Feeling like I had the necessities covered, I started riding in all the gear whenever I could, to be sure I could move comfortably in it. I weighed everything meticulously to be sure I was solidly under 11 lbs. and then started looking for appropriate ‘extras’. I found some great 1 oz. nut-butters (protein snacks) and some jellybean electrolytes (adding a bit of sugar to the necessary minerals) online and bought enough to stuff my pack with as many as the scale would allow on race day. I put together a first aid kit that included antibiotic ointment, some super heavy-duty bandages of different sizes, a small roll of vet wrap, and some medical tape. Just for good measure, I threw in a small ACE ankle wrap – prophylactic against a sore ankle somewhere during the ride. When I finally got up the nerve to ask about restroom facilities, my French connection sent me the photo provided here. All veterans urged bringing a supply some kind of wipes – either already moist, or wet-able.

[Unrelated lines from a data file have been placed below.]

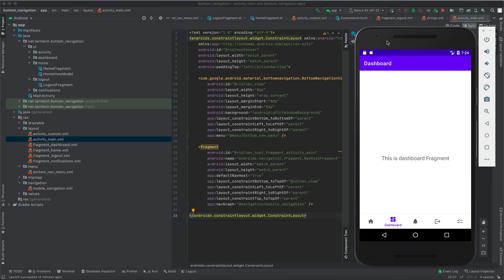Hey guys, today we are going to learn about bottom navigation view. As you can see in this demo application, I have five icons at the bottom of the screen, and this is what we call bottom navigation view.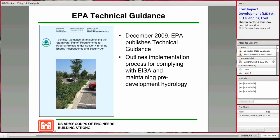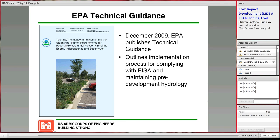From the EPA technical guidance, Executive Order 13514, Federal Leadership in Environmental, Energy, and Economic Performance, requires federal agencies to lead by example. From this, the EPA was required to develop the technical guidance on implementing the stormwater runoff requirements for federal projects under Section 438 of EISA. This document goes through two options for design objectives: option one, which is retaining the 95th percentile storm, and option two, which is doing a site-specific hydrologic analysis.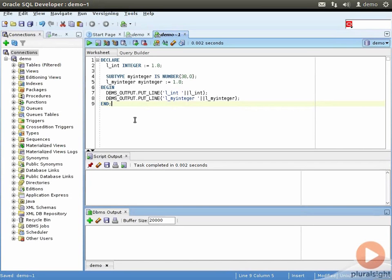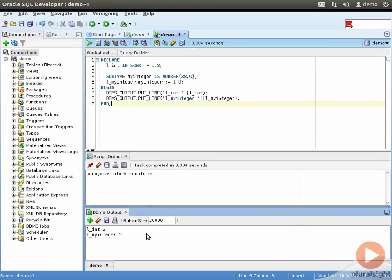Let us understand subtypes with this demo. Here, I have defined lint as type integer, which is a predefined subtype from Oracle that does not allow decimal points. Then we define subtype my_integer as number(38, 0). So our subtype also does not allow decimal points due to a scale of 0, just like the integer subtype. We assign the same value of 1.8 to both. Let us run this block. From the console output, we see that both lint and my_integer are rounded off to the nearest integer value, which is 2.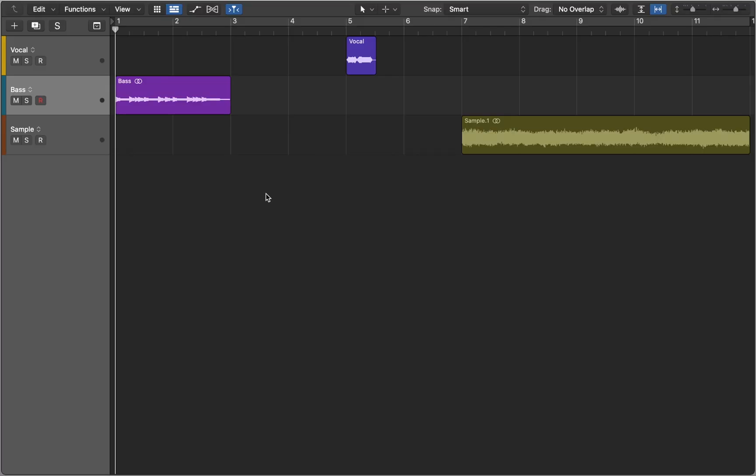In this video I'll explain how to use FlexPitch. First I will cover its basic features using this bass sample.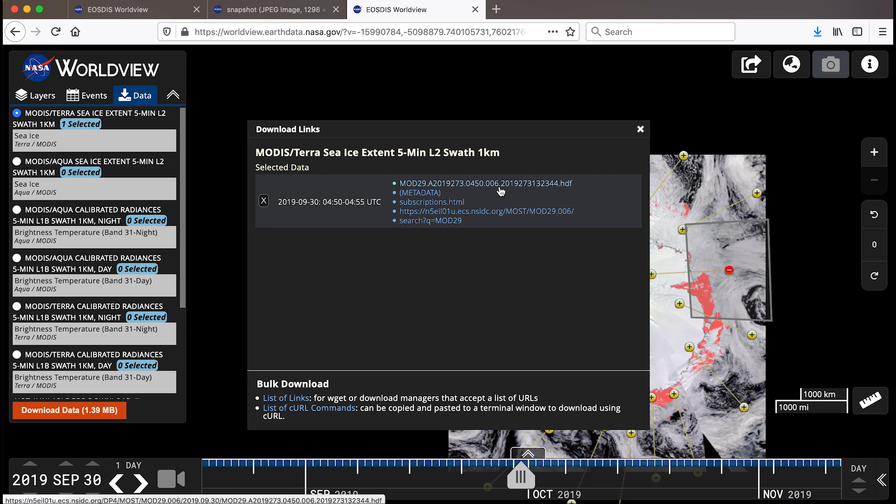Now that we've gone over the general features and functionality of Worldview, I hope that you will go and start exploring for yourselves at worldview.earthdata.nasa.gov. Thank you.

Three weeks before departure, I was training on my mare, galloping up a serious hill in some familiar woods. The trail ran out into a big empty field where my little girl was going to react in some way to the change in terrain. She’s an Arab after all; even if there was nothing scary, she would be hyper-vigilant when the trees broke. So, for stability, I grabbed a fistful of her mane with my left hand for the last few strides in the woods. But I wasn’t adequately prepared for the fallen hunter’s tree stand that sat just to the right of the trail as we charged out into the open. Instead of spinning or dodging (her usual response to ‘DANGER’!), she slammed on the brakes. I ended up jamming my open left thumb against her neck – violently enough to tear the ligaments in the joint. A trip to the orthopedist the next day confirmed that it wasn’t broken, but it wasn’t clear whether the tear was partial or total. Three weeks before departure, it didn’t matter. I couldn’t consider more tests or surgery until I got back. So I was sent off to get a brace that would stabilize the joint well enough to ride. By that time, I was forced to acknowledge a nagging problem with my left hip. It has bothered me off and on my whole life, but was never painful when I rode. So I simply ignored it – but it was clearly compromising my mounting in the left stirrup, and long walks were no longer pleasant. I arranged for a cortisone shot in the joint, as there wasn’t time to do anything more. But the shot was useless.
I flew out to Ulaanbaatar, the Mongolian capital a week before the race. I was feeling ready. I can sleep anywhere and I have a cast iron stomach. Nothing was going to stop me. That part of Mongolia is high plains – similar to the area around Denver. I knew that acclimating to the reduced oxygen at that altitude can take some time. I had arranged to share a room at the home base Holiday Inn with a young woman from Maine. We spent our week hiking around the capital, checking out the restaurants and markets, and connecting with the other 40 riders as they arrived over the course of the week. By the time the organizers convened our first training session on the hotel conference room, we were all pretty keyed up.